- Your instructions -
In the entries below, find the line with "S925 Multicolor Mermaid" and the line with "4000 Psi Triple"; reproduce those two lines and all lines between them exactly, without pictures.

- Recorded data -
○ ○ ○

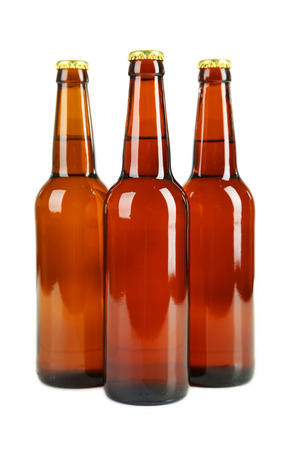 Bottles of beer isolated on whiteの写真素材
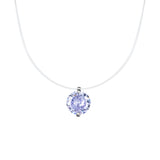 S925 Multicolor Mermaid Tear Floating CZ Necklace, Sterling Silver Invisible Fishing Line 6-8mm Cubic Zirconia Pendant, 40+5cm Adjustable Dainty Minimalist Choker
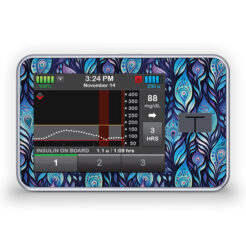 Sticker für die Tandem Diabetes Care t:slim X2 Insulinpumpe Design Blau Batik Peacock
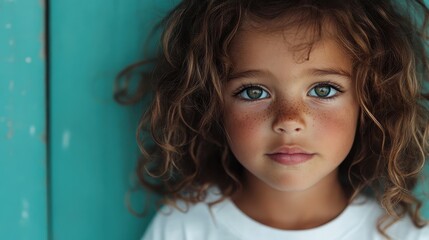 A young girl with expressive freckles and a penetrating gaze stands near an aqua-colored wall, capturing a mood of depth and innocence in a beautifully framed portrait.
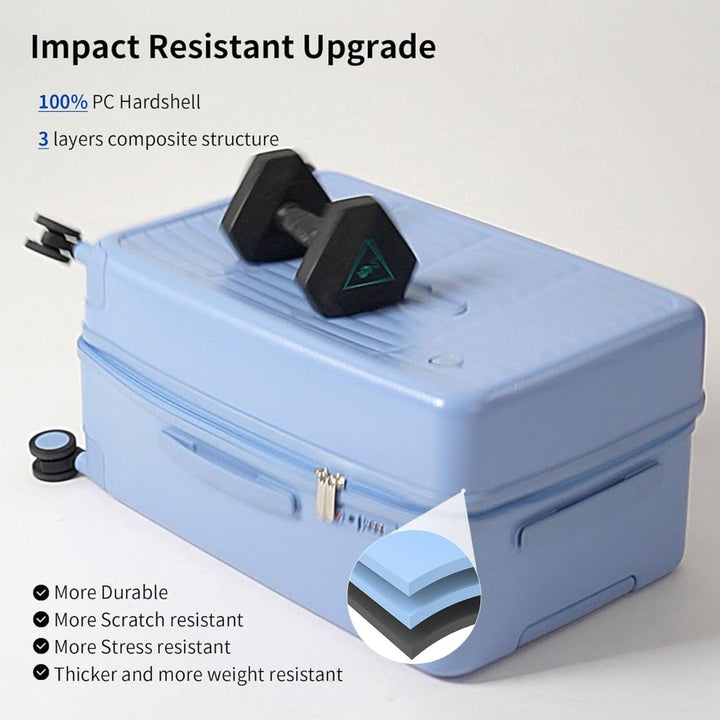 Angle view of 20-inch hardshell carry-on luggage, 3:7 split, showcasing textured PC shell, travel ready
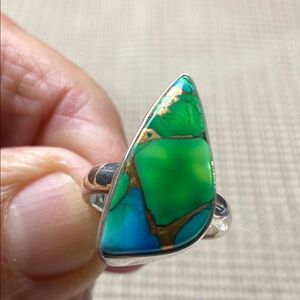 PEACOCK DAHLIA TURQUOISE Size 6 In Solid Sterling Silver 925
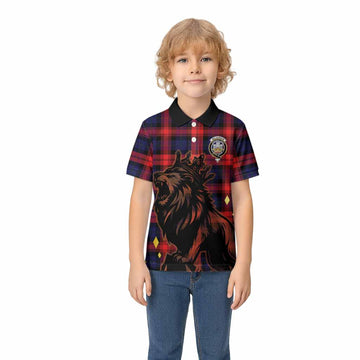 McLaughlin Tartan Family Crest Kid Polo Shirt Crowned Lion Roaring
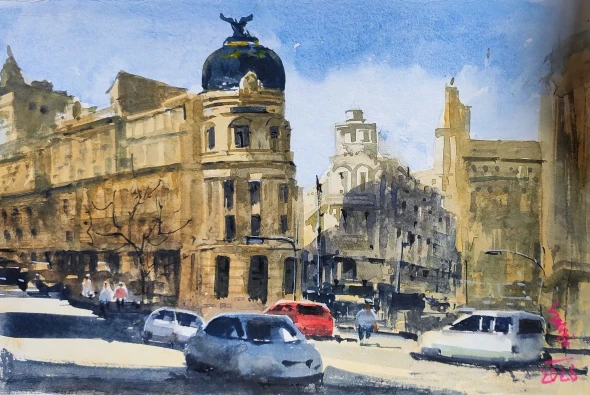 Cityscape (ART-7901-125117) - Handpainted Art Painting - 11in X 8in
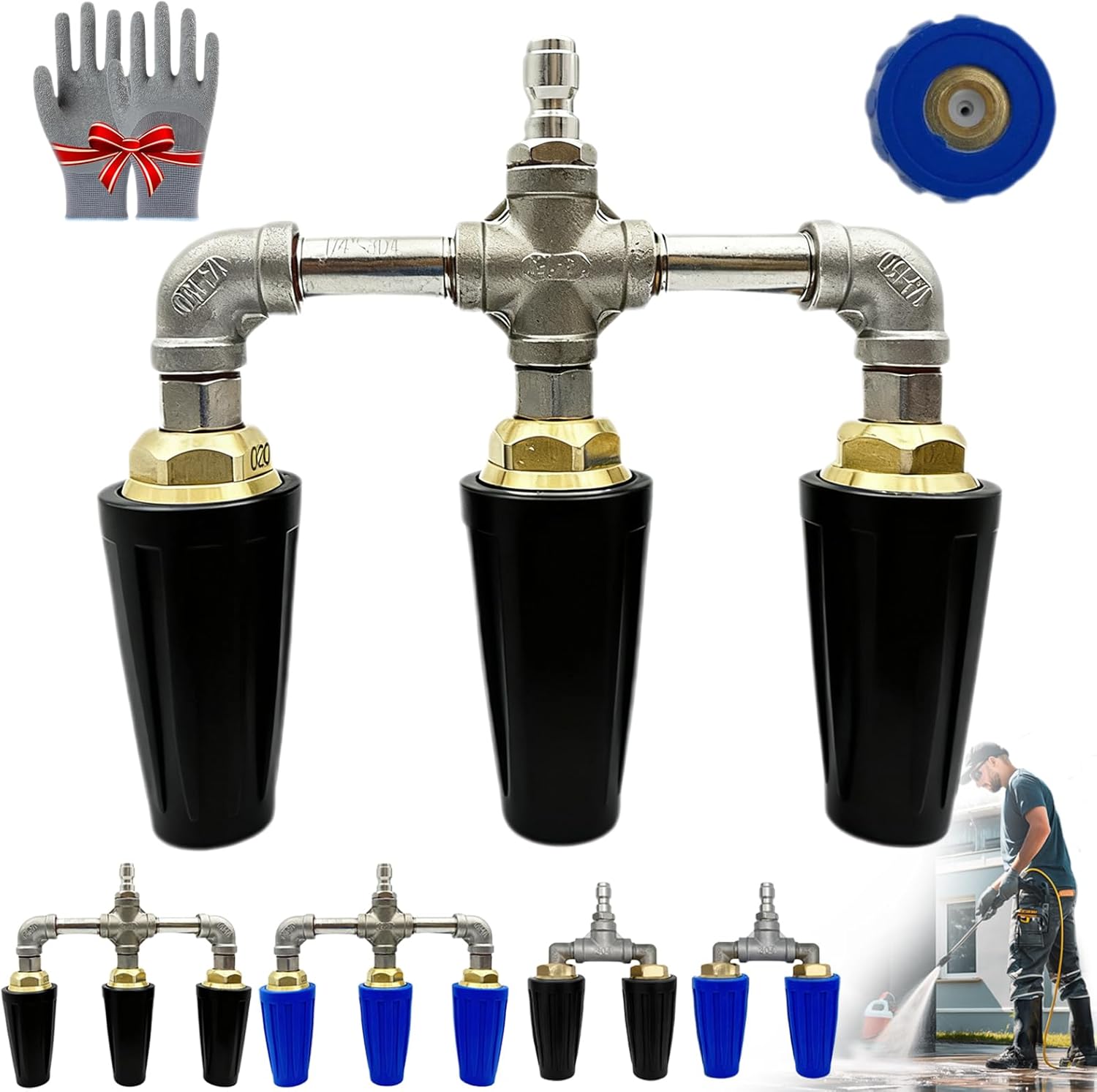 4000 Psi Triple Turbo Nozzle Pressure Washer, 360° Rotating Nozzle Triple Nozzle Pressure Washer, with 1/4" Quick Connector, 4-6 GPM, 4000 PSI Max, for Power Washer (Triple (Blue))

○ ○ ○

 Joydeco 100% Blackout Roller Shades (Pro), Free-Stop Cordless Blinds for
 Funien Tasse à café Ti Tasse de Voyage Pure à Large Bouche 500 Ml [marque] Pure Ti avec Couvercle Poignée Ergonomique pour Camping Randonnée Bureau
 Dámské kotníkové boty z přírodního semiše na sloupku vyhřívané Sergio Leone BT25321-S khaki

○ ○ ○

- Result for this exercise -
 S925 Multicolor Mermaid Tear Floating CZ Necklace, Sterling Silver Invisible Fishing Line 6-8mm Cubic Zirconia Pendant, 40+5cm Adjustable Dainty Minimalist Choker
 Sticker für die Tandem Diabetes Care t:slim X2 Insulinpumpe Design Blau Batik Peacock
 A young girl with expressive freckles and a penetrating gaze stands near an aqua-colored wall, capturing a mood of depth and innocence in a beautifully framed portrait.
 Angle view of 20-inch hardshell carry-on luggage, 3:7 split, showcasing textured PC shell, travel ready
 PEACOCK DAHLIA TURQUOISE Size 6 In Solid Sterling Silver 925
 McLaughlin Tartan Family Crest Kid Polo Shirt Crowned Lion Roaring
 Cityscape (ART-7901-125117) - Handpainted Art Painting - 11in X 8in
 4000 Psi Triple Turbo Nozzle Pressure Washer, 360° Rotating Nozzle Triple Nozzle Pressure Washer, with 1/4" Quick Connector, 4-6 GPM, 4000 PSI Max, for Power Washer (Triple (Blue))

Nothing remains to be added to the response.